In 2015, the world’s nations vowed to cap global warming “well below” 2°C, and 1.5°C if possible.
A subsequent report from the UN Intergovernmental Panel on Climate Change left no doubt that 1.5°C was the safer threshold.
With just over 1°C of warming so far, the world has seen a crescendo of deadly droughts, heat waves, flood-inducing rainfall and storms made more destructive by rising seas.
For example, last year saw a record number of hurricanes in the Atlantic — so many that the World Meteorological Organization ran out of letters in the alphabet to name them.
Some regions last year experienced warming well beyond the global average, according the Copernicus report, based largely on satellite data.
Europe’s average surface temperature across last year was 2.2°C above the preindustrial benchmark — and nearly half a degree above 2019, the previous record year.
Warming in the arctic region was even more spectacular, with northern Siberia and parts of the arctic itself nearly 7°C above mid-19th-century levels.

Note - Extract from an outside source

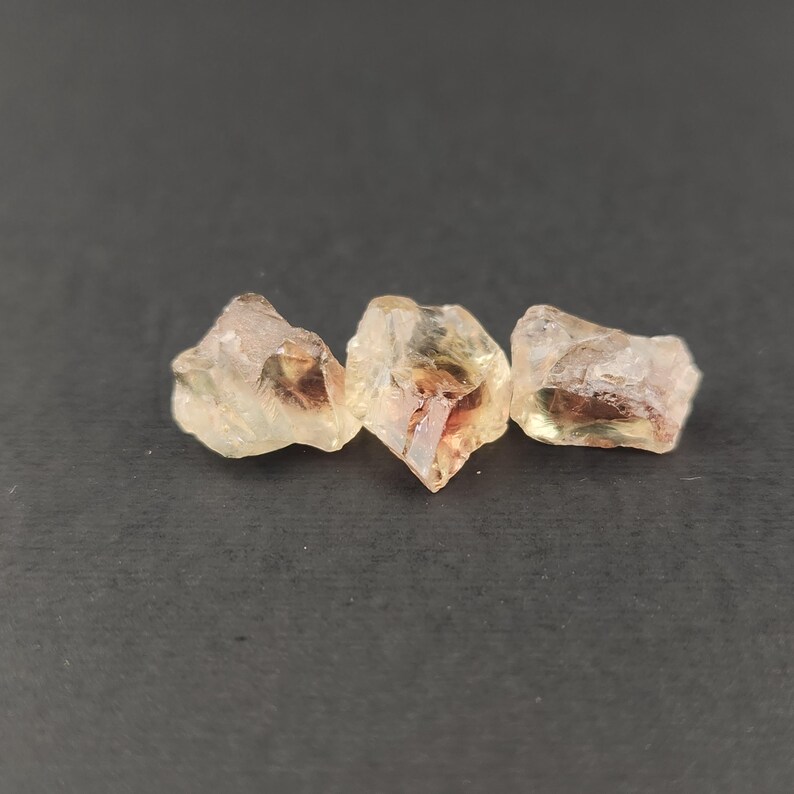 May include: Three sunstone crystals, each with a different shape and size. The crystals are translucent and have a golden-orange color with a hint of red.
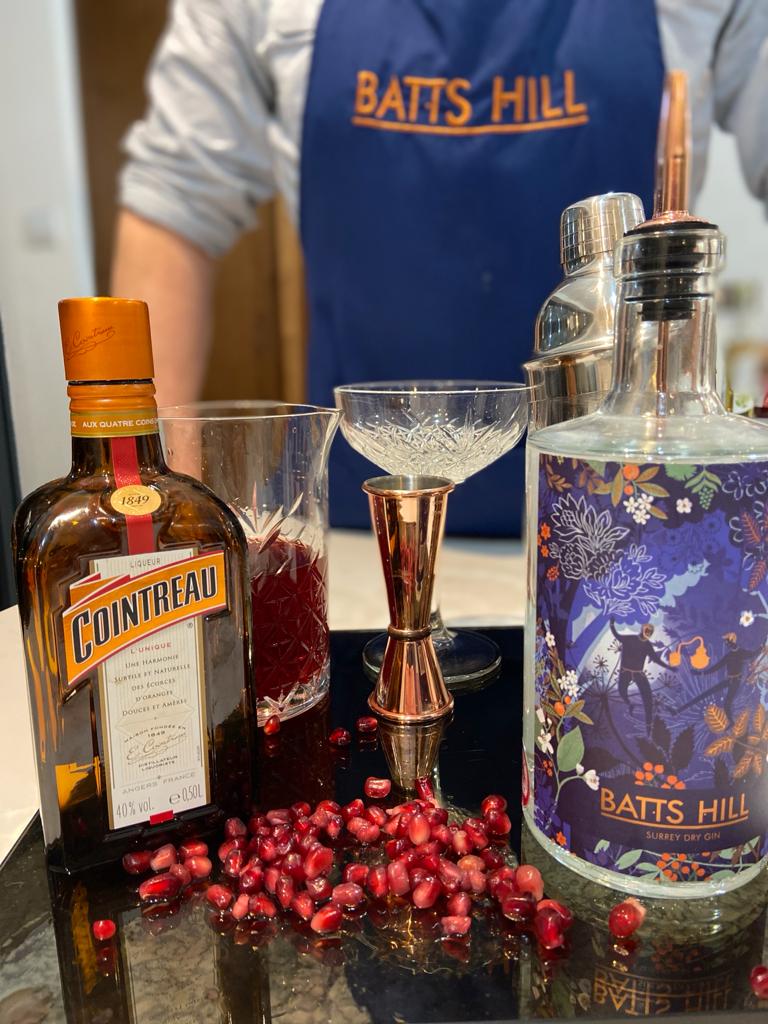 Batts Hill Surrey Dry Gin Pomegranate Martini with orange and pomegranate garnish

Wildfires across Siberia lasting well into autumn released a record quarter-billion tonnes of carbon dioxide into the atmosphere, equivalent to the annual emissions of Spain, Egypt or Vietnam, and a third more than in 2019, the previous record year.
Carbon dioxide levels in Earth’s atmosphere peaked at 413 parts per million, nearly 50 percent more than in the early 18th century, before fossil fuel burning began to load the skies with heat-trapping greenhouse gases, C3S reported.
These unprecedented levels were reached despite a 7 percent drop in emissions due to pandemic lockdowns.
“Since CO2 accumulates in the atmosphere like water in a bathtub, if we turn down the tap by seven percent, the CO2 level just rises a bit more slowly,” said Stefan Rahmstorf, head of Earth system analysis at the Potsdam Institute for Climate Impact Research.
“We need to shut off the tap to get a stable climate again,” he added.